Online at NCR Online: Full text of John Allen’s 2004 Murnion Lecture [1]

Mary Ann Glendon
Mary Ann GlendonWhen I learned that Jon Allen would be delivering this year’s Common Ground lecture, I was delighted, for as a longtime reader of his columns, I knew we would be given real substance to ponder. Mr. Allen has more than fulfilled that expectation with an important reflection that deserves to be widely read and circulated.

I was also enthusiastic about the topic, “Common Ground in a Global Key,” and the invitation to think about whether an international perspective could yield any useful lessons for the Common Ground Initiative here in the United States.

Jon Allen’s talk suggests that there are indeed a number of ways in which U.S. Catholics could benefit from broadening our horizons. I particularly appreciate that he based his reflections on his personal experiences as a journalist covering the Vatican. Taking my cue from him, I would like to support his conclusions with some observations based on my own experiences working with Catholics from other countries.

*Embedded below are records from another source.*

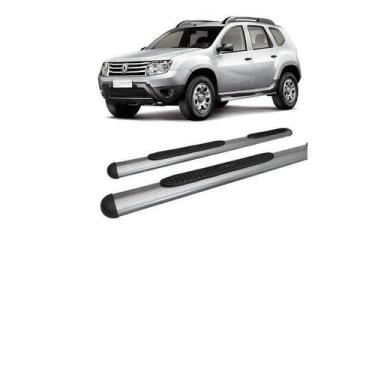 Imagem de Estribo Tubolar Oval Grafite Renault Duster - HOZZ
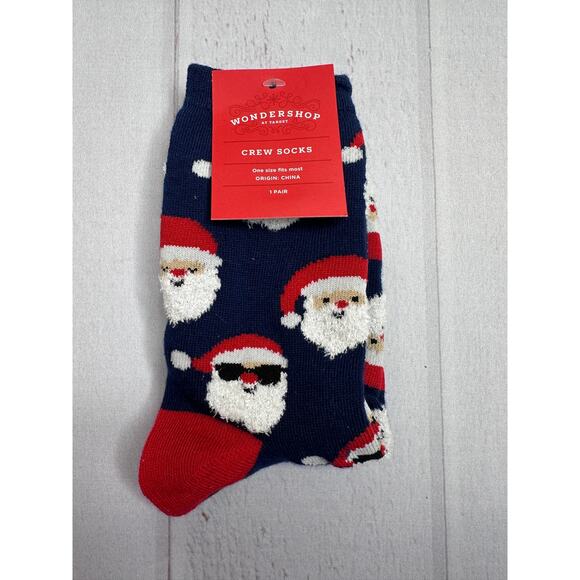 Wondershop Cool Santa and Reindeer Christmas Crew Socks Women's One Size New - Picture 3 of 9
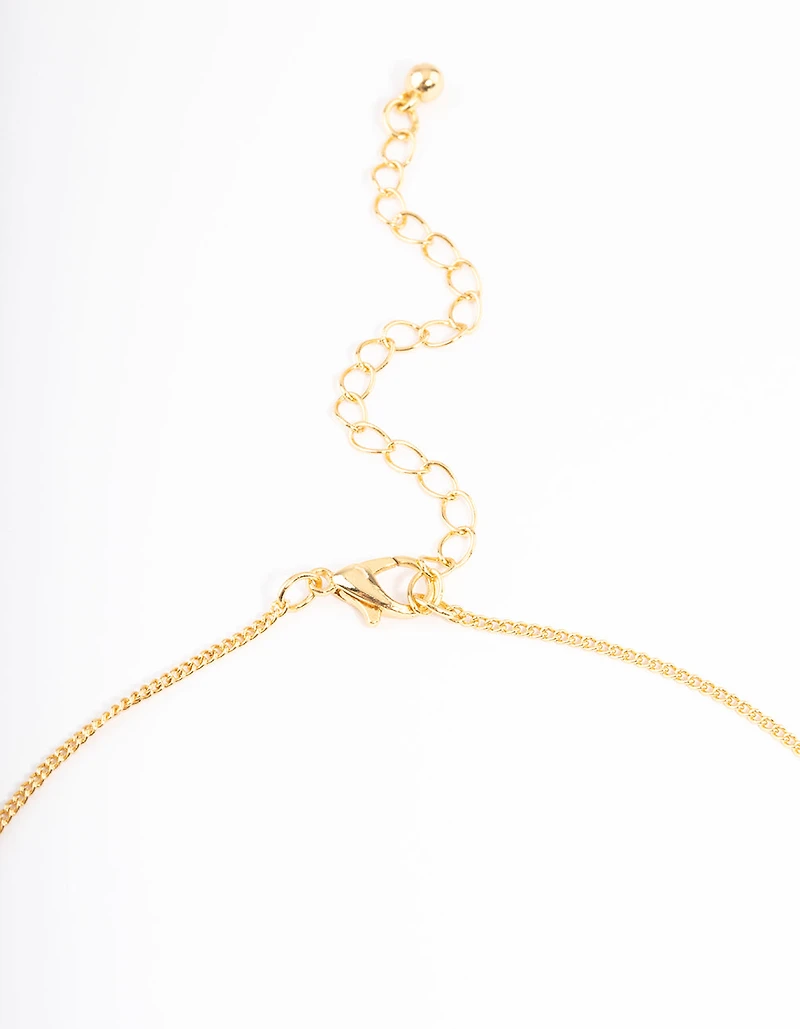 Gold Plated Scorpio Necklace With Cubic Zirconia Pendant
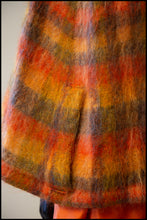 orange plaid mohair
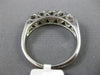 ANTIQUE LARGE 1.75CT DIAMOND PLATINUM FIVE STONE WEDDING ANNIVERSARY RING #22296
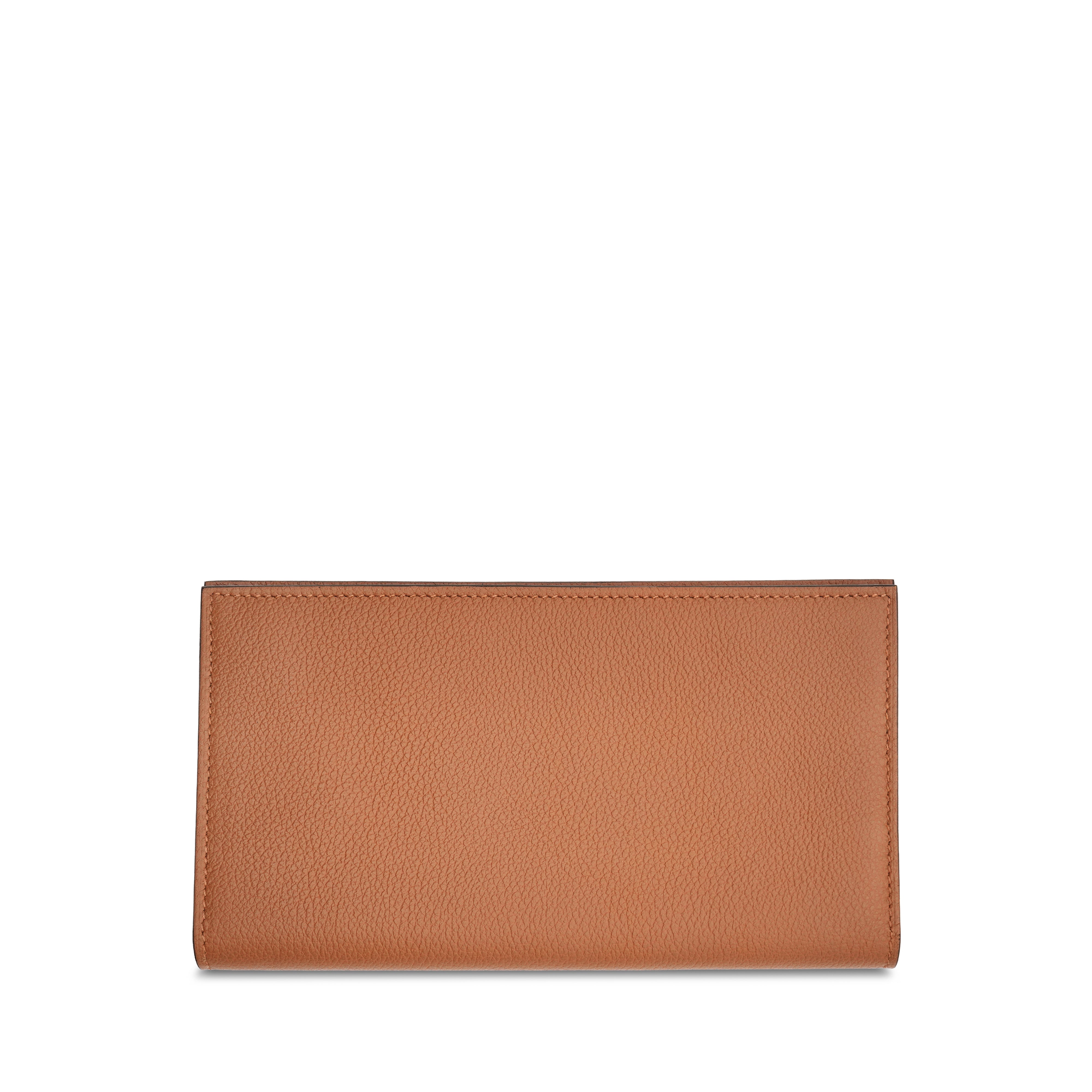 Hermès Citizen Twill Long Wallet - Alezan/Jaune Milton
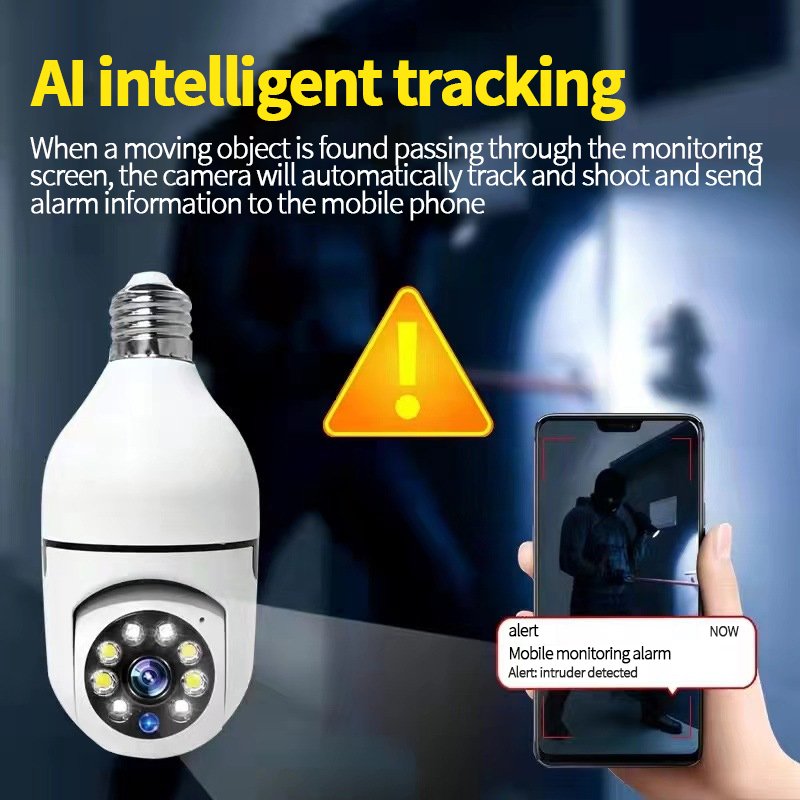 V380PRO 4mp Smart home Security mini wifi camera P2P wireless IP Camera 360 degree panoramic VR lamp WIFI light bulb camera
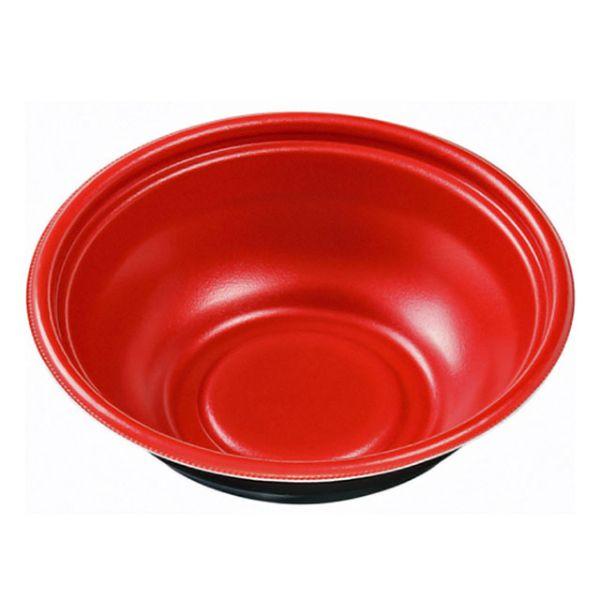 【50枚】MFPホット麺19(61)鉢 M赤黒 エフピコ どんぶり 素麺（本体のみ） 50枚入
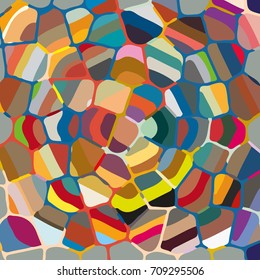 Colourful ornamental rose background made of mosaic. New texture for design work
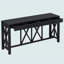 Console 60 po avec 4 tiroirs spacieux en placage d'acacia de style moderne Crisscross-410506005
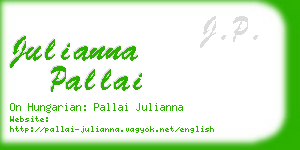 julianna pallai business card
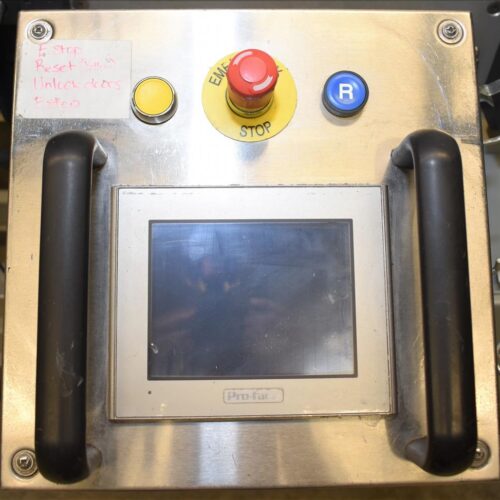 Accraply Model 650VF High Speed 650 CPM Shrink Sleeve Label Applicator with Heat Shrink Tunnel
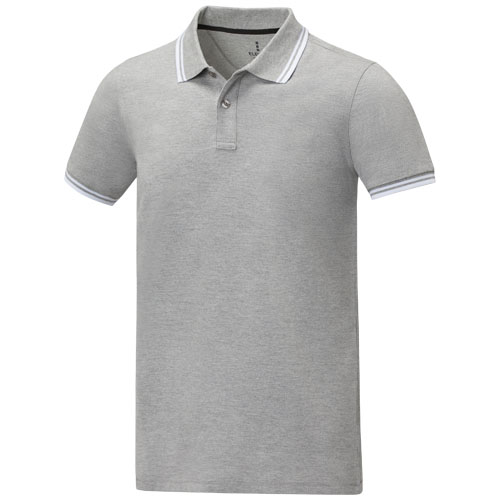 Polo homme Amarago 200 g_Gris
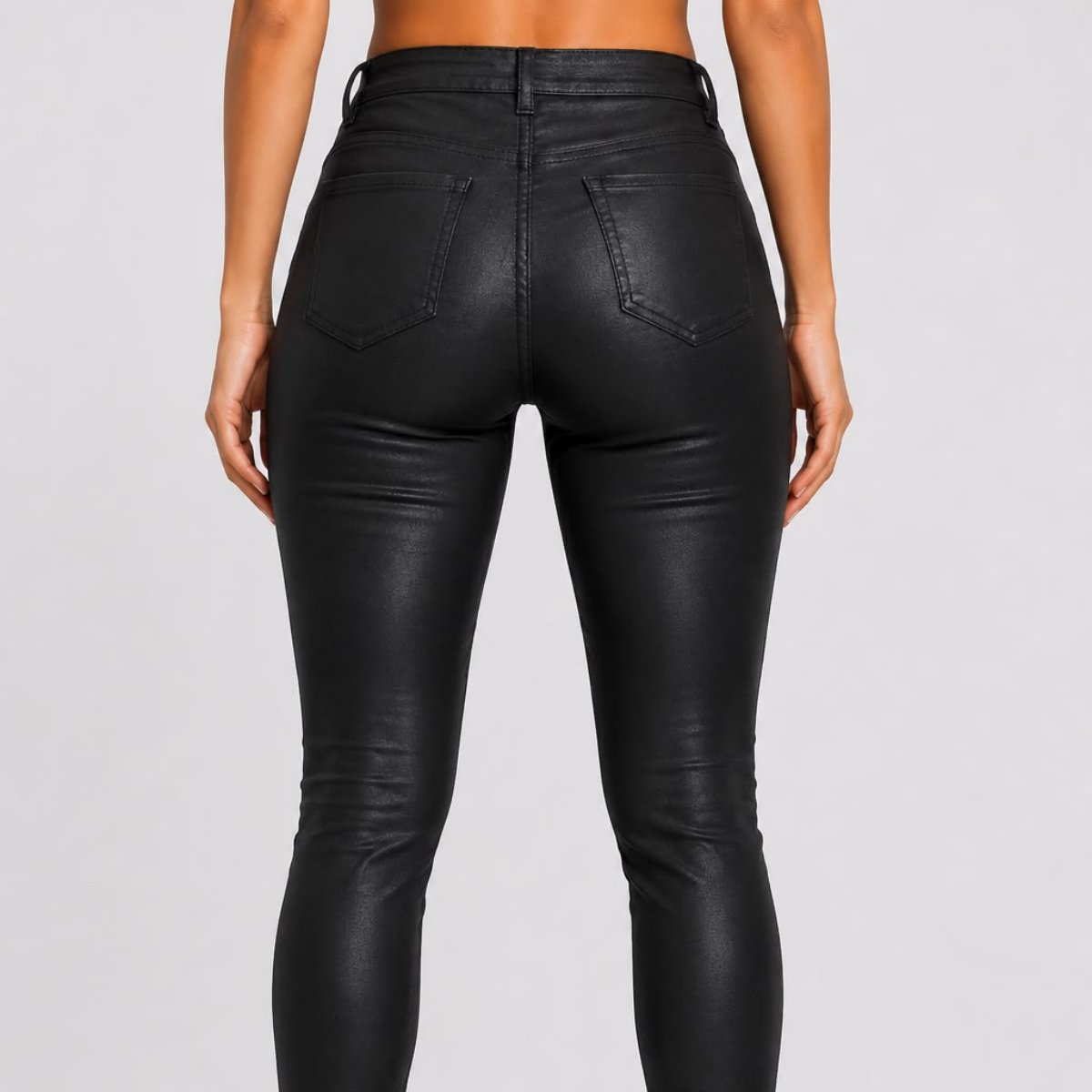 Pantalón Resinado Color Negro – Marca Nacional (PIEZA DE LA LIVE) - 3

In my case, those experiences go back to the Pleistocene Age when I was a law student at the University of Chicago and living in International House, a residence for foreign students and Americans engaged in international studies. One evening, many of us Catholics attended a talk on the idea of a universal Church. The Jesuit speaker began by noting the vast cultural differences among people who had been baptized into a single faith. For example, he said, your average Irish Catholic can easily summon up a vision of himself burning in Hell forever, while your average Italian thinks God would never be mean enough to do that to him personally. The thrust of the talk was twofold: we should be cautious about confusing custom with doctrine, and we should rejoice that the Church’s relatively small body of core teachings can be brought to life in different cultures in a legitimate variety of ways.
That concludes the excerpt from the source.